На следующий день варвары, как и обычно, вооружились, но противник не появлялся (ведь ромейские фаланги согласно наставлениям самодержца не выходили из лагеря), и они решили, что в этот день боя не будет, сняли с себя оружие и остались на месте. Однако Дука не пребывал в бездействии. Когда солнце достигло зенита, он вместе со всеми воинами уже был при оружии, когда же солнце склонилось к закату, выстроил в боевой порядок войско и с боевым кличем и громкими криками неожиданно напал на варваров. Но Чакан не растерялся, он немедленно хорошо вооружился и сразу же завязал бой с ромеями. В это время подул сильный ветер, и, когда бой перешел в рукопашную схватку, столб пыли поднялся до самого неба. Частично из-за слепящего глаза солнца, частично из-за ветра, несущего в лицо пыль, а также из-за того, что натиск ромеев был в этот раз сильнее обычного, варвары потерпели поражение и обратили тыл.

После этого Чакан, не будучи более в состоянии выдерживать осаду и не имея сил, достаточных для непрерывных боев, предложил заключить мир и просил только разрешить ему беспрепятственно отплыть в Смирну. Дука согласился и взял двух заложников из числа знатных сатрапов. Так как Чакан тоже попросил заложников, Дука выдал ему Александра Евфорвина и Мануила Вутумита (оба – храбрые и воинственные мужи) при условии, что Чакан, уходя из Митилены, не совершит никакого насилия над ее жителями и никого из них не увезет в Смирну, сам же он со своей стороны обещал позволить Чакану беспрепятственно отплыть в Смирну. Они дали друг другу клятвы, и Дука уже не волновался, что Чакан, уходя, причинит вред митиленцам, а Чакан – что его будет беспокоить ромейский флот во время переправы. Но как «не научился рак ходить прямо», [976] так и Чакан не отказался от своих мерзостей. Он попытался увести с собой всех митиленцев вместе с их женами и детьми.

Между тем Константин Далассин, в то время талассократор, не успев еще согласно приказу Дуки причалить на своих кораблях к какому-то мысу, [977] узнал обо всем происходящем, явился к Дуке и попросил разрешить ему вступить в бой с Чаканом.

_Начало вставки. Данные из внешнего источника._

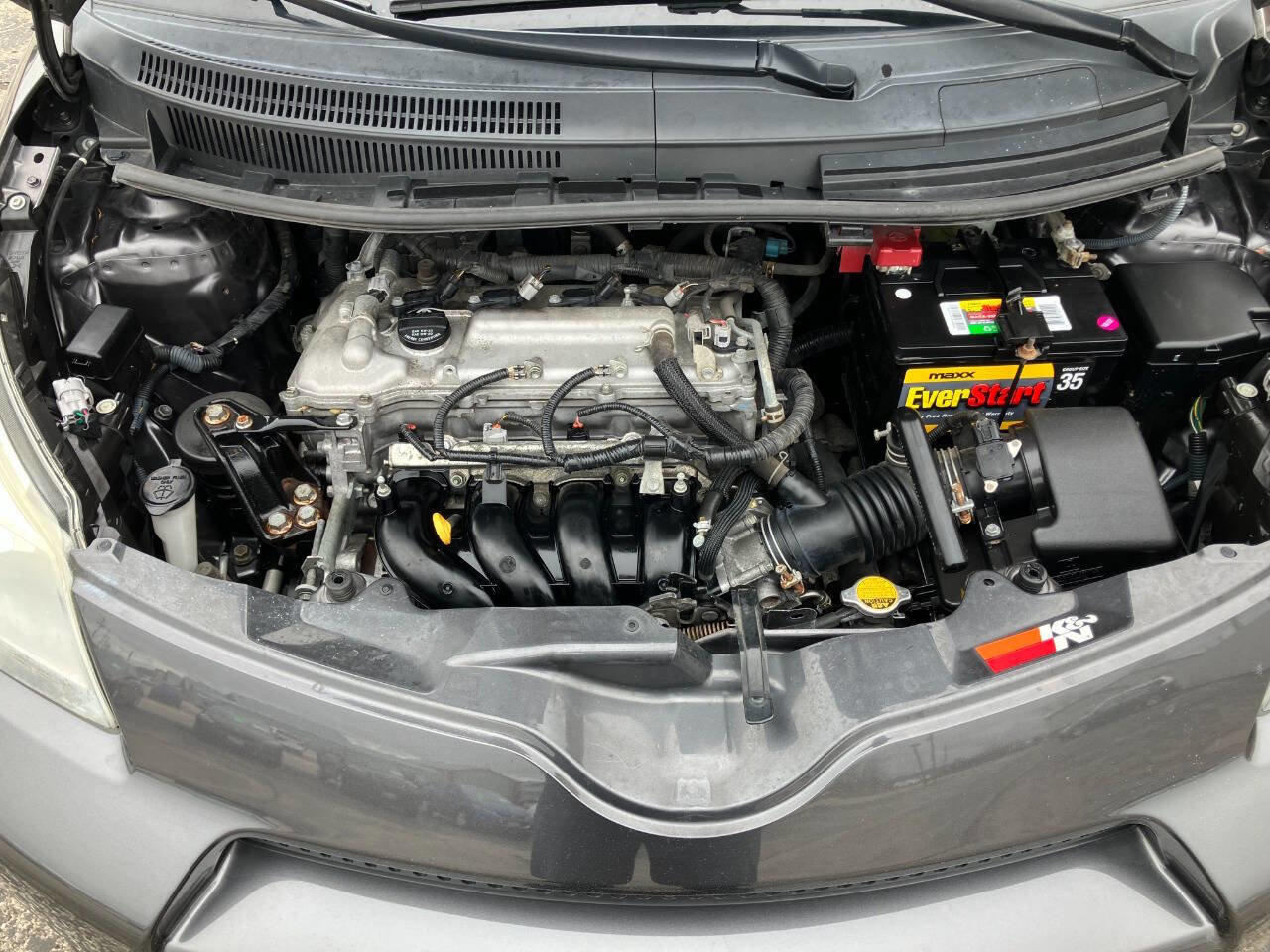 Used 2009 Scion xD image 23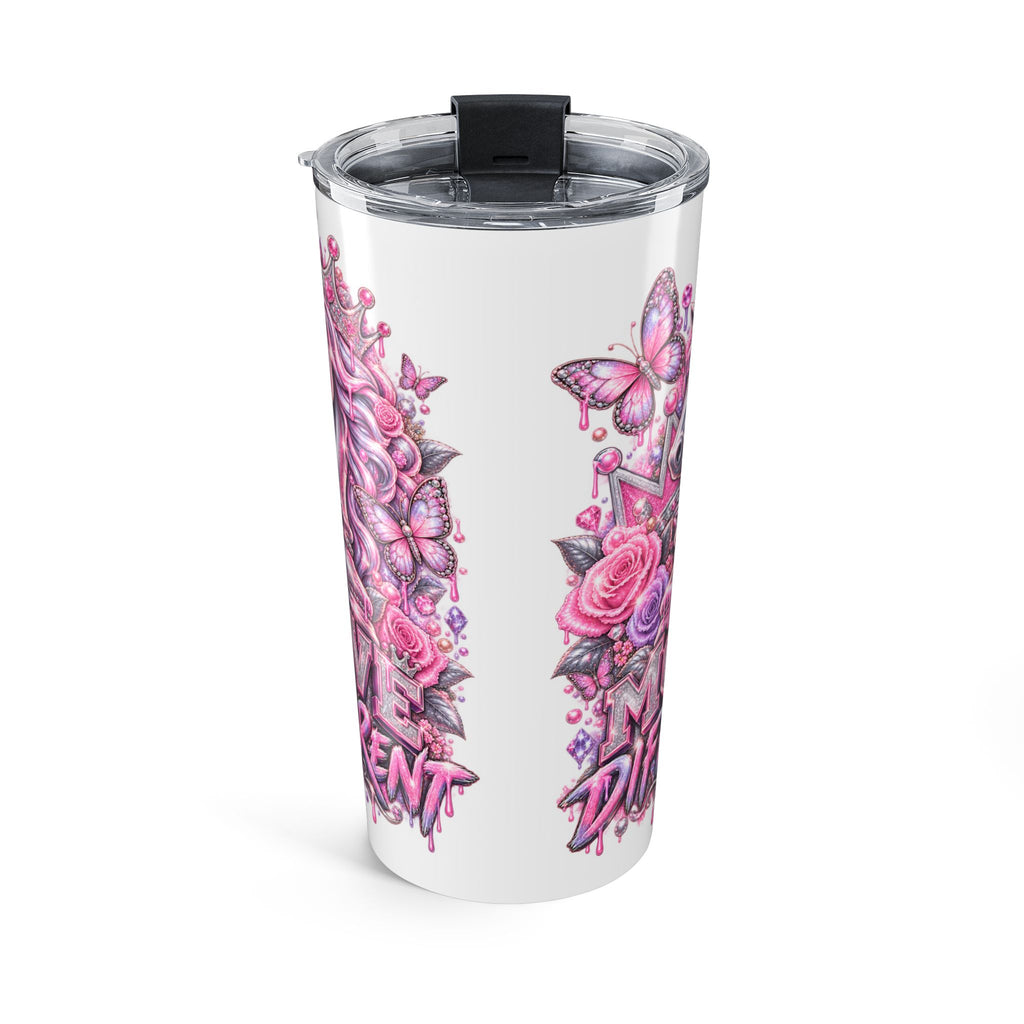 20oz Knight Chess Piece Insulated Tumbler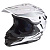 AiM Шлем JK803S Tondo White/Grey/Black в Хабаровске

Дука же, соблюдая данную им клятву, медлил с решением. Далассин настаивал и говорил следующее: «Давал клятву ты, меня же при этом не было. Ты и соблюдай свою клятву, а я тогда не присутствовал, не клялся, ничего не знаю о вашем договоре и вступлю в бой с Чаканом». Как только Чакан отчалил и прямым путем направился к Смирне, его быстрее, чем слово сказывается, настигает Далассин; он немедленно нападает на Чакана и начинает преследовать его. Дука же подошел к остальному флоту Чакана в момент, когда тот отчаливал, захватил корабли и освободил из рук варваров пленников и военнопленных, в оковах содержавшихся на судах.